HALO KENDAL – Selama arus mudik dan balik Lebaran 2025, lalu lintas jalur kereta api diprediksi mengalami peningkatan. Oleh karena itu, bagi masyarakat yang melintas jalur rel kereta api harus lebih berhati-hati.
Hal itu disampaikan Kepala Dinas Perhubungan Kendal, Muhammad Eko, Kamis (27/3/2025). Menurutnya selama arus mudik Lebaran, intensitas lalu lintas kereta api bertambah dari 88 kali per hari menjadi 102 kali per hari atau tambah 14 kali per hari.
“Adanya peningkatan intensitas jalur kereta api, maka harus lebih berhati-hati saat akan melintasi rel kereta api. Karena ada tambahan kereta yang melintas, maka intensitas kereta api yang lewat menjadi lebih tinggi,” ujarnya.
Eko mengatakan, di wilayah Kendal, jumlah perlintasan rel kereta api sebanyak 31 bidang.
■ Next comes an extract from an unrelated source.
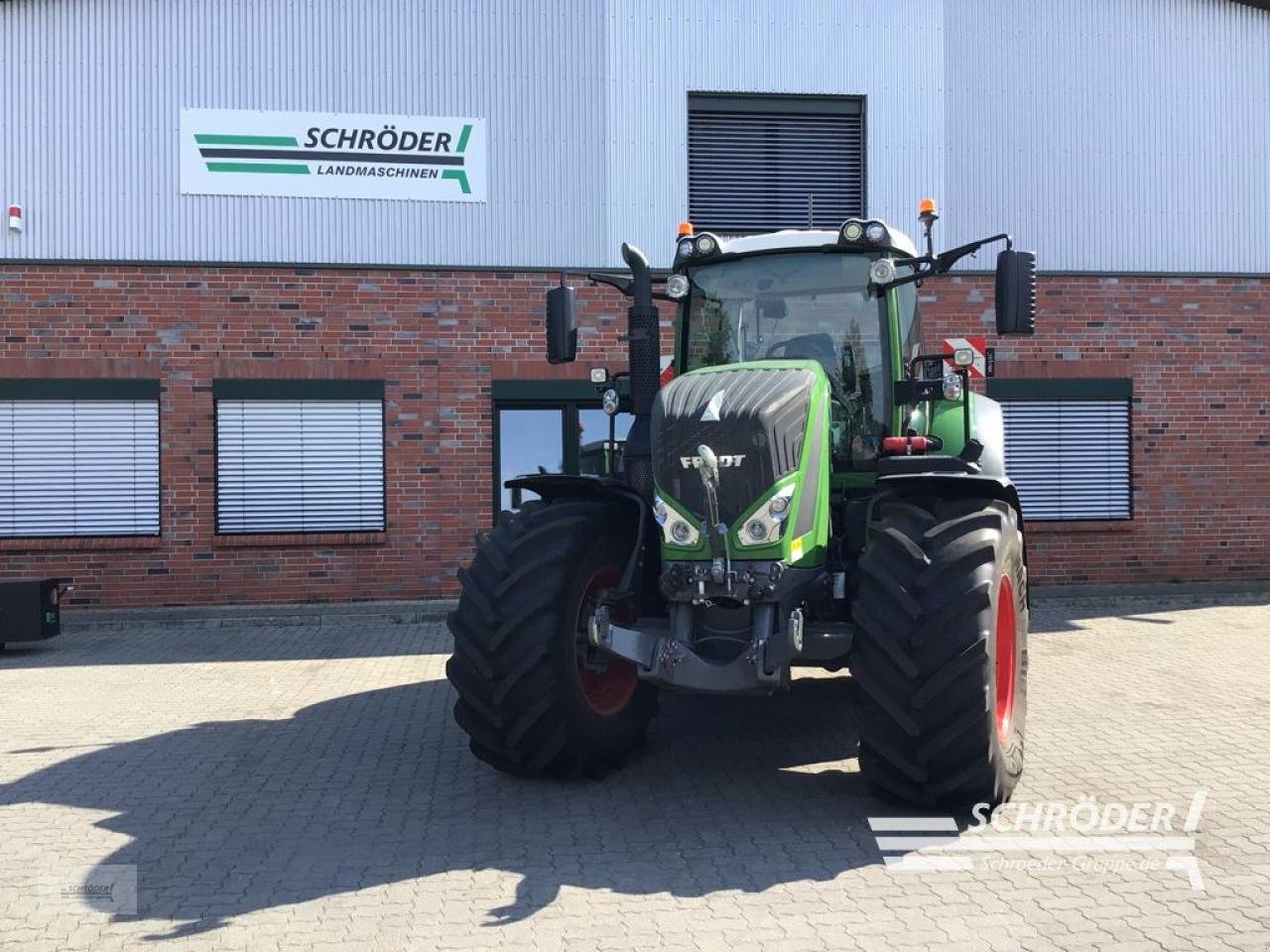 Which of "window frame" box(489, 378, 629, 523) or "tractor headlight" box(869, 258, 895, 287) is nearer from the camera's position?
"tractor headlight" box(869, 258, 895, 287)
Sementara ini, yang 16 titik sudah berpalang pintu dan yang 15 titik tanpa palang pintu.
“Dari beberapa titik yang belum berpalang pintu, sudah dijaga secara swadaya oleh pihak desa, sedangkan beberapa titik lainnya belum ada yang jaga,” jelasnya.
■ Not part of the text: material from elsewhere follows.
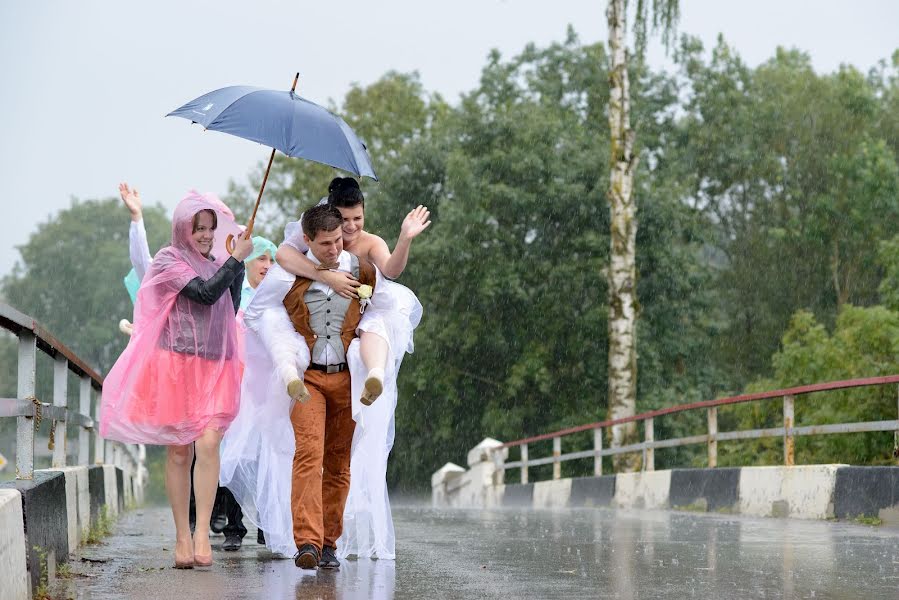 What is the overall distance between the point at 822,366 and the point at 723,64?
2013 cm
Eko memaparkan, terkait dengan perlintasan sebidang tanpa palang pintu, yang belum dijaga, pihak Dishub Kendal akan berkirim surat ke kepala desa.
Selain itu, pihaknya juga berkoordinasi dengan camat, Polsek dan Danramil untuk ikut mengawasi terkait perlintasan sebidang yang belum berpalang pintu dan belum dijaga.
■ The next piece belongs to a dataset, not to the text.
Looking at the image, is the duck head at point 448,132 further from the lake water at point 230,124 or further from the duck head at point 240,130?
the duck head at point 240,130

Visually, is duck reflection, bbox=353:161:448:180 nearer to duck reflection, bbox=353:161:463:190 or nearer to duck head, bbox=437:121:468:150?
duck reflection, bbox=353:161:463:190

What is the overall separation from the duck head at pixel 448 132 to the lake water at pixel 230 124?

“Harapannya ada kesadaran dari pihak desa, supaya memaksimalkan anggota Linmas untuk berpartisipasi menjaga perlintasan sebidang,” harap Eko.
Penambahan Rambu-Rambu Lalu Lintas
Sementara berdasarkan SKB Menteri, pelaksanaan pengaturan lalu lintas jalan dan penyeberangan arus mudik dan balik Lebaran tahun 2025 dibatasi untuk angkutan barang sumbu tiga atau lebih juga diberlakukan mulai 24 Maret sampai 8 April.
Pada masa mudik dan balik Lebaran, volume kendaraan pribadi di jalan akan mengalami lonjakan yang tinggi. Dishub Kendal pun telah menyiapkan segala sesuatu untuk kelancaran lalu lintas jalan.
Eko menjelaskan, untuk menghadapi arus mudik dan balik Lebaran, pihaknya sudah menyiapkan penambahan rambu-rambu jalan. Selain itu, juga sudah menyiapkan barrier, termasuk rambu penunjuk jalan.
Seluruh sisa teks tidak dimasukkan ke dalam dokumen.